Canadian lawyer, writer and television personality

Hart Pomerantz is a Canadian lawyer, writer and television personality. He is best known for his collaboration with Lorne Michaels on the CBC comedy series The Hart and Lorne Terrific Hour and for his appearances as a regular panelist on This Is the Law. He also hosted the 1974 quiz show Double Up and the 1998 talk show Grumps.

==Early life and legal career==

Pomerantz graduated from the University of Toronto Faculty of Law in 1965. During law school he developed an interest in observational humour and comedy writing. Following graduation, he practised criminal law in Toronto for more than a decade before moving into civil litigation, concentrating primarily on employment-related matters. He retired from legal practice in 2022.

==Entertainment career==

While establishing his legal career, Pomerantz also pursued comedy and broadcasting. At the University of Toronto, he met fellow student Lorne Lipowitz, later known professionally as Lorne Michaels. According to Pomerantz, Michaels saw him performing comedy and monologues at university and later telephoned him at his law office to ask if he wanted to go into show business with him.

The two became writing partners and eventually moved to Los Angeles, where they wrote material for Rowan & Martin's Laugh-In and comedians including Phyllis Diller, Joan Rivers and Woody Allen. Pomerantz also represented Michaels when he legally changed his surname from Lipowitz to Michaels.

Returning to Canada, Pomerantz and Michaels created and starred in The Hart and Lorne Terrific Hour, a CBC sketch-comedy and variety series that aired from 1970 to 1971. The programme featured performers including Dan Aykroyd, Andrea Martin, Victor Garber, Jayne Eastwood and Jackie Burroughs, as well as musical guests such as James Taylor, Cat Stevens and Murray McLauchlan.

Pomerantz subsequently became well known to Canadian television audiences as a regular panelist on This Is the Law, a legal-themed panel game in which participants watched dramatizations of unusual laws and attempted to identify the statute involved.

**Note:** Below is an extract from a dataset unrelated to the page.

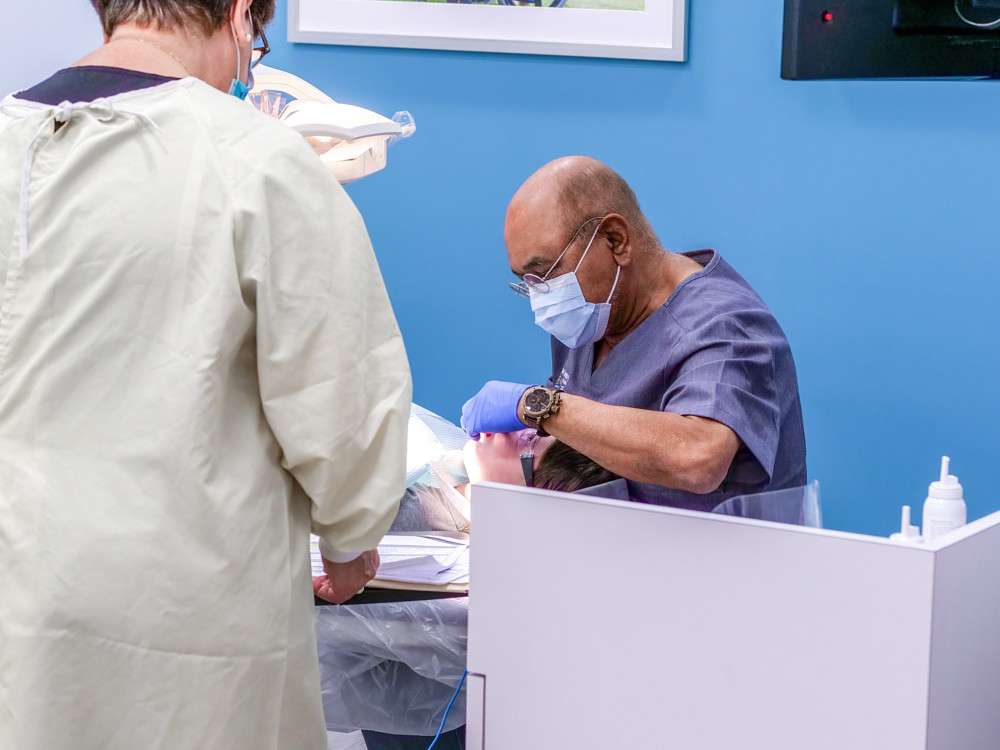 Dentist treating a young patient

He later hosted Double Up in 1974 and the short-lived talk show Grumps in 1998.

In a 2012 profile for TVO, broadcaster Steve Paikin described Pomerantz as "a man of many careers" and highlighted his ability to combine a successful legal practice with comedy, television and writing.

==Writing==

Beginning in the 2010s, Pomerantz gained a new audience through humorous essays published in The New Yorker. Many of these pieces take the form of fictionalized autobiographical reminiscences by historical figures.

===Selected writings===

- Sigmund Freud: The Untold Story (2018)
- Einstein: The Untold Story (2020)

==Personal life==

His younger brother, Earl Pomerantz, was a television writer and producer known for his work on American situation comedies.